Right at the end of the day yesterday, one of our new students was working in the extended sondage near the trench entrance ramp. She found this iron object in the southwest corner of the mini-trench, abutting the edge of the cobbled yard in the southeast part of the trench. We think it looks like a latch, with a suspension loop at one end and a tapered, very shallow hook at the other end that might catch an “eye,” or loop/U-shape hammered into a surface. Even though it is corroded, it still retains the probable shape of the object rather well.
This isn’t always the case! Iron is particularly difficult to work with when it corrodes. Much of the iron we excavate are small objects completely covered in corrosion, sometimes identifiable as nails or tacks but other times just oblong lumps. On other sites, we have all seen iron concretions that reveal nothing of the original object until they are x-rayed! On another site, for example, something vaguely like a scotch egg appeared, and when x-rayed was shown to be multiple links of a chain that had rusted together. Iron corrosion is also very cheeky in that it often consumes or cements the iron object to nearby objects in the findspot, making them corrode as well. Think back to the image in our riddle solution post to see what iron and copper rivets look like corroded together: pretty unidentifiable at first glance. We have all seen iron corrosion pick up soil and sand, and sometimes even bits of bone and pottery!

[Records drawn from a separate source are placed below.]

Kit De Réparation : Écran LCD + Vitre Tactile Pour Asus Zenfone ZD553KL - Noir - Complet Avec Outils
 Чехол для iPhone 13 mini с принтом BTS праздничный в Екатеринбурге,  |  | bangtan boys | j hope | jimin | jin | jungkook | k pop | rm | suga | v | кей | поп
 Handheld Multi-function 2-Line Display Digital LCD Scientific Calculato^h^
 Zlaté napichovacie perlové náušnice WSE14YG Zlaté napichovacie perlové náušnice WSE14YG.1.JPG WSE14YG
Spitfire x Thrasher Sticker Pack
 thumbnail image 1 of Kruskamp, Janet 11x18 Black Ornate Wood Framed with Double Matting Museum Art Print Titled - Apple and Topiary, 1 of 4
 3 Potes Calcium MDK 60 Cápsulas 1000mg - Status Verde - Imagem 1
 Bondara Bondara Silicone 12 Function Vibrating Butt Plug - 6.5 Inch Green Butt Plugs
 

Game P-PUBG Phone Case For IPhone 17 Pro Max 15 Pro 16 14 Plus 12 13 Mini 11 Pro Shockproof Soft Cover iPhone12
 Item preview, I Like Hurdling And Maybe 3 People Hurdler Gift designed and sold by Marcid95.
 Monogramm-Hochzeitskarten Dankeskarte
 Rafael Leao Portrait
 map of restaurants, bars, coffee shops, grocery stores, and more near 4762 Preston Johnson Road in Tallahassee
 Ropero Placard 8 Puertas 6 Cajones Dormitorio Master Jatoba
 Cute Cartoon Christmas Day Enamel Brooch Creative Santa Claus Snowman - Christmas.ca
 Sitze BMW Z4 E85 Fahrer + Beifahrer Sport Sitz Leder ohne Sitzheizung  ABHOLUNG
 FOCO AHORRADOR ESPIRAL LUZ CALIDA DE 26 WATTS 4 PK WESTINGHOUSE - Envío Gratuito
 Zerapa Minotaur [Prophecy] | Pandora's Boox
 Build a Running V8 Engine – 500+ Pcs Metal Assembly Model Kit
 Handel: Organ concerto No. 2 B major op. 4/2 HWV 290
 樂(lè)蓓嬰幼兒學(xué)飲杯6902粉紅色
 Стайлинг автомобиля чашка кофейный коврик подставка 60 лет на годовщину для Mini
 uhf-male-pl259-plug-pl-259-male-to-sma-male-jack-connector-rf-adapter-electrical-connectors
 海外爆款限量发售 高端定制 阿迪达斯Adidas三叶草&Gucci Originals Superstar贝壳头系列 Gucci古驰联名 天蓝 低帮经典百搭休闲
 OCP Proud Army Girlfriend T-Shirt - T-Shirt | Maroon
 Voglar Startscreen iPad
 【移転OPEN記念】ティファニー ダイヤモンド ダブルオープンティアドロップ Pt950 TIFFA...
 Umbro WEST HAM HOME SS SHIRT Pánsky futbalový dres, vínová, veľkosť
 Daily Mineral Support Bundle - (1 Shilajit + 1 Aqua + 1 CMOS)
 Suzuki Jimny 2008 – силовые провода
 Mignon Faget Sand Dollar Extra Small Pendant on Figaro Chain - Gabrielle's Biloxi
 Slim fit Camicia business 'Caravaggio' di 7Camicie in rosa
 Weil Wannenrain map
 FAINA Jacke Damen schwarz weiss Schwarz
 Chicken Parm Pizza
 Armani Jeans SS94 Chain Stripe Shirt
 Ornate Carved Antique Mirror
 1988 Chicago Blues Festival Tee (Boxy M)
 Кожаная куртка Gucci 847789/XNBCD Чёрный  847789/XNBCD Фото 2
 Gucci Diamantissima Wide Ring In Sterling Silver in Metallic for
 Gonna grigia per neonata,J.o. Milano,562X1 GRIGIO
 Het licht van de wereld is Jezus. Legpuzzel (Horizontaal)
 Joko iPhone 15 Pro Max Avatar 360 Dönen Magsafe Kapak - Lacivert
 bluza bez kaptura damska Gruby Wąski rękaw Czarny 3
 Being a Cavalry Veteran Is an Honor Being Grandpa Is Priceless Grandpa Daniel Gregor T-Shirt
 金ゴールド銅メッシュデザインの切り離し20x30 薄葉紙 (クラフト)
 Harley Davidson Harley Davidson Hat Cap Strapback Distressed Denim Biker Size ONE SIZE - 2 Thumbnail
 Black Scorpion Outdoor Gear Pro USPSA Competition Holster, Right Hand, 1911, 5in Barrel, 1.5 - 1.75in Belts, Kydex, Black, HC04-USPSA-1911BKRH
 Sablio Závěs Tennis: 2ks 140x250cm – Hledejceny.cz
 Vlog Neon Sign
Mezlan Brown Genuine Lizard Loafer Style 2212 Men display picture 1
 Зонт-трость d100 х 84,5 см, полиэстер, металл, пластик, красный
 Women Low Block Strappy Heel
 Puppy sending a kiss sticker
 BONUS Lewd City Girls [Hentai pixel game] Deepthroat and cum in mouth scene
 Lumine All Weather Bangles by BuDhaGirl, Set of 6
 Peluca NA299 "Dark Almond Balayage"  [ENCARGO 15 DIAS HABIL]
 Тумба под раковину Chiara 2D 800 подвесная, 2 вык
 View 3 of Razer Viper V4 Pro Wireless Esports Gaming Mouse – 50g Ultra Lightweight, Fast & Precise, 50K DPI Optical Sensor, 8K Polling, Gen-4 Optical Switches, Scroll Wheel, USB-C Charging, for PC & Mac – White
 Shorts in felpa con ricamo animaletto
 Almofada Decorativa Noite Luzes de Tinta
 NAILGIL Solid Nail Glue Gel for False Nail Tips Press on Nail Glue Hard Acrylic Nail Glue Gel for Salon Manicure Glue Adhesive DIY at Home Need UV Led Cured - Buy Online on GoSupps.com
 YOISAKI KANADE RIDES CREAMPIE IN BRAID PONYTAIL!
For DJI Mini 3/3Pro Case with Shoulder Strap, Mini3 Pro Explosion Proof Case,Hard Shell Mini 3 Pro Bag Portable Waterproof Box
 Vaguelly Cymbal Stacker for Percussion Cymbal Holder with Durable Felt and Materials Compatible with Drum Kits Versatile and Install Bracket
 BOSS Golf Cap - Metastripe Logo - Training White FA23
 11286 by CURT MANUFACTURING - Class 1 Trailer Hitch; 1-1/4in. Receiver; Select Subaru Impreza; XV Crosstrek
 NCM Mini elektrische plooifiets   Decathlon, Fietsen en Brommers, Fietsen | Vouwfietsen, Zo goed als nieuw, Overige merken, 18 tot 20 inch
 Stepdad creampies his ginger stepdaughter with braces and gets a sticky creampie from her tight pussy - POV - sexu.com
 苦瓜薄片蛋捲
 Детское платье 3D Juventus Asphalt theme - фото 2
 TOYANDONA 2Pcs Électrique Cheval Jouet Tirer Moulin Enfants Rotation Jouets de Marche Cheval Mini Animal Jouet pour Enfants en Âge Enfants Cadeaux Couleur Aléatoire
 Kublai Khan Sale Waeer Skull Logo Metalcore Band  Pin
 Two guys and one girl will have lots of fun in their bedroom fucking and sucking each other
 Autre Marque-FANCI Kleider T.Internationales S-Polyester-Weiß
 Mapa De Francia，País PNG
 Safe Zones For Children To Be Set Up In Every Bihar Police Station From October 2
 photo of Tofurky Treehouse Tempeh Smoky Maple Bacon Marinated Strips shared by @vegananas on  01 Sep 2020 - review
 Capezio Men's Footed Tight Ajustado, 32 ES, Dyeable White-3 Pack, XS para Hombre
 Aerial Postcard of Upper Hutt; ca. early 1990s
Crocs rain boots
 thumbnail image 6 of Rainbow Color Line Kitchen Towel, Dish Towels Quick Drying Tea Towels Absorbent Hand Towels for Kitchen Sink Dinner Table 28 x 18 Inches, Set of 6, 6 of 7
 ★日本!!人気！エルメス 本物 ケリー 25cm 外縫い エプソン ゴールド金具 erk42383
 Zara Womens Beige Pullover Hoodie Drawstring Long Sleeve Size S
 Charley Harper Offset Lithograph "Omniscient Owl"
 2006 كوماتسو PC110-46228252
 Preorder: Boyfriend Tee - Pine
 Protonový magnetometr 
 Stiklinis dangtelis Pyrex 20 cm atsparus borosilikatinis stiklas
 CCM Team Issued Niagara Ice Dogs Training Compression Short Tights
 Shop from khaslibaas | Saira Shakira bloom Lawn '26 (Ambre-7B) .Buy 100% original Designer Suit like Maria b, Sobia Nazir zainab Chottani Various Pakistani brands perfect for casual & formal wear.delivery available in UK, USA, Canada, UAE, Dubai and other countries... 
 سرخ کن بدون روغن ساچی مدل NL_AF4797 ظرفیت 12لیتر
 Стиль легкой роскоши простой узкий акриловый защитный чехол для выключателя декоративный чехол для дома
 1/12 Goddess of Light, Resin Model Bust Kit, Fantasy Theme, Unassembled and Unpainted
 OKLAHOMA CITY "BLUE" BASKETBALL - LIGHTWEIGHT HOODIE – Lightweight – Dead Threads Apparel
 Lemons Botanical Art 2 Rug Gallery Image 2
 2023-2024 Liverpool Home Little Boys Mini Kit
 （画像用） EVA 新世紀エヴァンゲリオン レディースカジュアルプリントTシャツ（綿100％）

How do we know it is iron? Many of the common metals we find archaeologically are fairly readily identifiable by their corrosion! Other clues like weight could be used but examining the corrosion allows you to simply observe particularly vulnerable metal objects without handling them. Iron commonly forms oxides, in an attempt to stabilize itself, and that’s how we end up with rust. Ferric oxide and ferrous oxide, brown and red/orange respectively, are what we find most often. Another metal that we have found on site frequently are copper alloys, which in our particular archaeological environment tend to turn green and pale green depending on the electrochemical changes; these colors represent the presence of chlorides rather than oxides. Lead, in addition to being much heavier than it looks, usually corrodes into carnbonates, giving it a white or grey appearance. Silver is most often affected by sulfur, leaving a black tarnish. And what about the shiniest-of-shinies? Gold doesn’t corrode hideously at all, it just becomes a purer form of itself!